According to travel disclosures published in the Congressional Record, the federal government spent $4.9 million on trips overseas for Representatives and their staffers and $5.2 million for Senators and their staffers in 2011. The year before, the Senate reported roughly the same amount and the House reported just more than $5 million, according to a Roll Call tally of costs reported in the Congressional Record.
The Senate discloses travel for all committees in a single report each quarter, making it relatively easy to determine the total cost of such trips. In the House, however, each committee and delegation publishes its own report, making it more difficult to assemble a tally for the year.
Figuring the overall cost of Congressional travel overseas is further complicated by the fact that only a fraction of the costs associated with the trips are accounted for in the committee and delegation reports. Expenses that show up in the Congressional Record typically cover commercial airfare and per diems used for on-the-ground costs such as meals and lodging. Those funds come out of a bottomless account at the Treasury Department that doesn’t require Congressional appropriations. But as Roll Call has previously reported, the Pentagon and the State Department spend millions of dollars more on government aircraft and logistical arrangements that are not listed on the committee and delegation reports.
Reports published by the Treasury Department on the account that the State Department uses to pay for Congressional travel costs show just how quickly the costs can increase. One Treasury report said the government spent $110.5 million on Congressional foreign travel from 2001 through 2009, which is $30 million to $40 million more than what was reported in the Congressional Record during the same period.
Some trips make it clear just how much spending goes undisclosed. When the House Budget Committee sent Rep Rob Woodall (R-Ga.) on a six-day trip to Kuwait, Iraq, Pakistan, Afghanistan and Germany in June, it reported spending only $664 in per diem expenses from the special travel account while the other costs were presumably covered by the military or the State Department.

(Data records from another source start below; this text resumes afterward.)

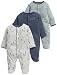 Mamas & Papas Baby-Boys Mamas And Papas 3 Pack Bear All In One Long Sleeve Set of 3 Footies, Green, 6-9 Months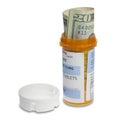 Drug cost, isolated Royalty Free Stock Photo
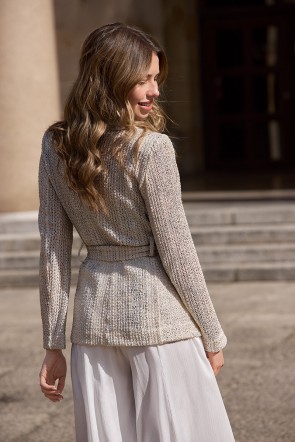 comprar traje de chaqueta en calado blanco y plata blazer cuello esmoquin, boda civil, madre de comunion, bautizo, fondo de armario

When Rep. Randy Forbes (R-Va.) joined a seven-day delegation led by Sen. James Inhofe (R-Okla.) to Burkina Faso, Uganda, Ethiopia, Djibouti, Israel, Turkey and Germany in February 2011, the Armed Services Committee reported spending only $42 from the bottomless travel account.
Some committees report higher travel costs than others.
The House Intelligence Committee reported spending the most on foreign travel in a single quarter. From April 1 to June 30 of last year, the committee reported it spent $371,000 to send its Members and staffers to locations in Southeast Asia, the Middle East, Africa and Europe. More detailed information about the committee’s travel locations is not reported because of the sensitive nature of its work.
During the same quarter, the House Foreign Affairs Committee reported spending $316,000 from the bottomless Treasury Department account on trips abroad. Its Members and staffers traveled to Russia, Portugal, Italy, Georgia, Lithuania, Israel, Haiti and Afghanistan, among other locations.
In the Senate, the most expensive quarterly travel report was filed by the Foreign Relations Committee for trips taken during the first quarter of last year.
From January to March, its Senators and their staffers traveled to Colombia, Brazil, Panama, Chile, Sudan, Japan, Egypt and Tunisia, among other
The drop in Treasury Department funds spent on Congressional travel comes at a time when the amount that private groups spend on Congressional travel is rapidly increasing.
As Roll Call reported in January, private organizations spent almost $6 million sending Members of Congress and their staffers on trips last year, a nearly $2.5 million increase from 2010 and more than in any year since Congress tightened its restrictions on outside groups paying for travel in 2007.